Remember those cramps that I often get in the middle of the night several days before AF arrives? Well I got those last night. They didn't wake me up but when I would wake up to roll over and what not they were there. I wish they weren't. I'm pretty sure that means I am out for this cycle too. At least thats been the pattern. I will wait until AF to officially call it of course but I'm not really hopeful anymore. The next time I will probably ovulate is Christmas. Thats going to be hard...we will be at my parents house that week. The best thing would be for AF not to show and for me to be finally pregnant!! You hear me AF? STAY AWAY!

Thursday, November 26, 2009

Happy Thanksgiving

I have so much to be thankful for...yet there is something missing...

Tuesday, November 24, 2009

Alright temp be that way

I tried to temp again this morning to see if I could see a rise. It was actually lower today than yesterday. Needless to say, I don't know whats going on. I'm going to just stick with my no charting guns and trust that if its God's plan it will happen. I mean come on 8 days in a row now? I'm exhausted. We both need a break. According to other charts I should have O'd by now and I'm going to go with that. This should be a fairly easy 2WW (if there is such a thing). I got a new job as a cheer coach at a local middle school, Thanksgiving is here in a couple of days, I have a ladies breakfast at my church the first week of December, and in the mean time make flyers and setup tryouts. I'm going to be very busy and thats a good thing. I don't know if I will get around to blogging again before Thanksgiving so I hope you all have a Happy Thanksgiving!!

Monday, November 23, 2009

97.47

Yeah, I took my temp this morning to check and see if I could tell if I have ovulated or not. And...I can't. My previous charts show that this is either a coverline temp or my very first couple of temps after I have ovulated. I'm pretty sure I ovulated Saturday seeing as this was a coverline temp only once in like 10 charts. Still to be on the safe side I believe Mr. Hosey and I will be romping it up again tonight. And if you are counting tonight will make 8 days in a row. I do think tonight will be our last night though. My usual day to ovulate is cycle day 17 (Saturday). Today is 19 which is my latest day to ovulate. I don't know what to do but my lady bits and his man bits have had enough.

Thoughts?

Thursday, November 19, 2009

I have an announcement

Alright so I'm pretty proud of my sex effort so far this month and I of course have to report on it! I have had sex 3 days in a row and tonight will make 4! Now to a lot of you I am sure you're thinking pshhh but I don't think I have ever had sex 3 days in a row let alone 4. Even better is that last night Andrew didn't get home from work until around 11 and we still got busy! Go us! I am thinking I might be Oing around Saturday, Monday at the latest so we are just gonna keep on trucking...

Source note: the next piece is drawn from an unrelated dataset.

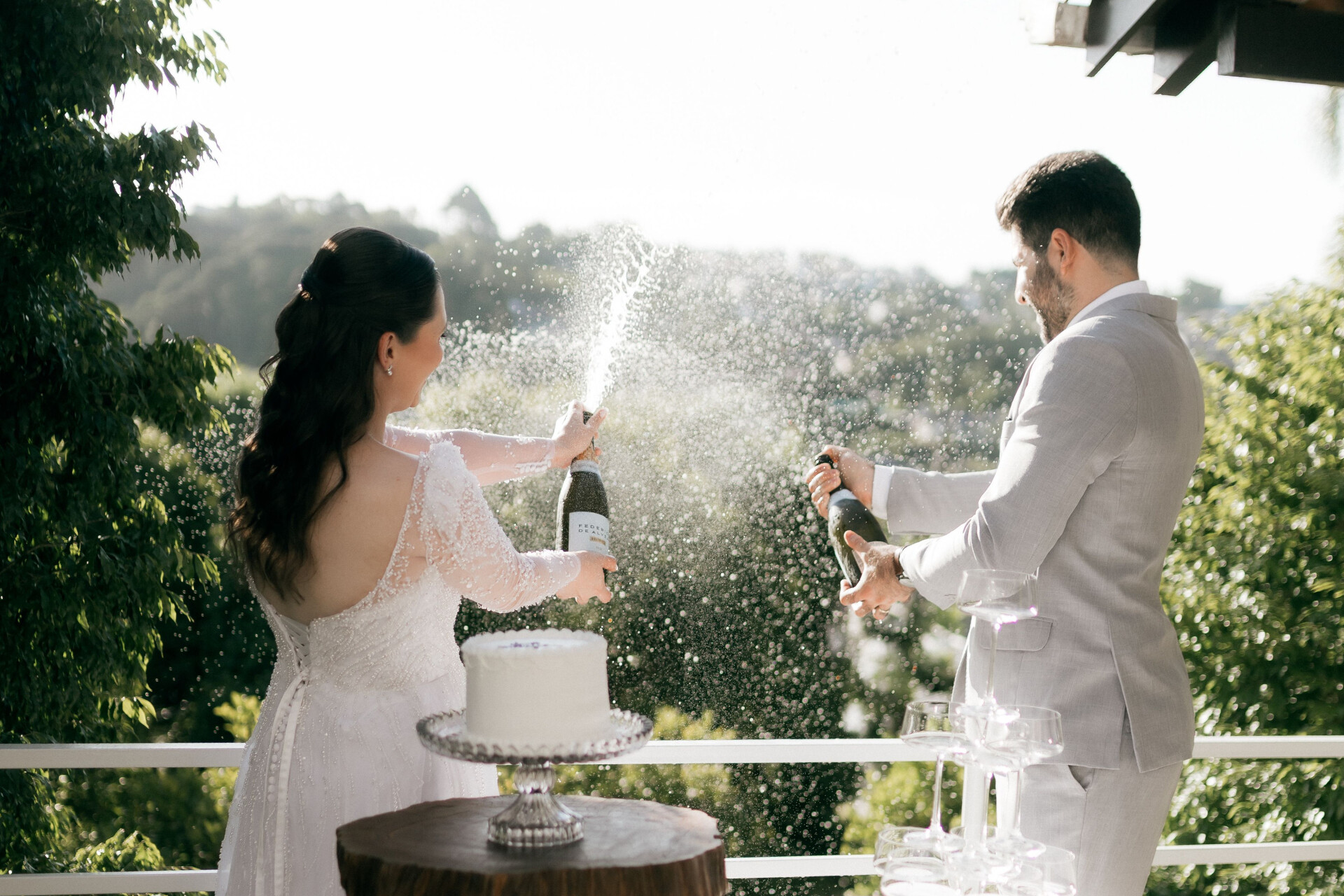 Newlyweds celebrating with a champagne spray during an outdoor wedding reception.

I also found an article posted on GP and thought I would share it here as well.

http://www.reuters.com/article/oddlyEnoughNews/idUSTRE55T4TV20090630

So get strong little dudes we got work to do!

Oh and a half a bottle of wine and a bath went a long way the other night. I am no longer feeling as jealous and bitter. I'm happy for her and me....well I'm just gonna keep doing what I'm doing. Andrew and I will get there.

Monday, November 16, 2009

My BFF

is pregnant. Yeah we just had lunch last weekend and she was telling me how her and her husband were going to start trying this month. We were set to ovulate around the same time and she was like maybe God was waiting for us to get pregnant together. I kind of laughed it off and was like yeah maybe...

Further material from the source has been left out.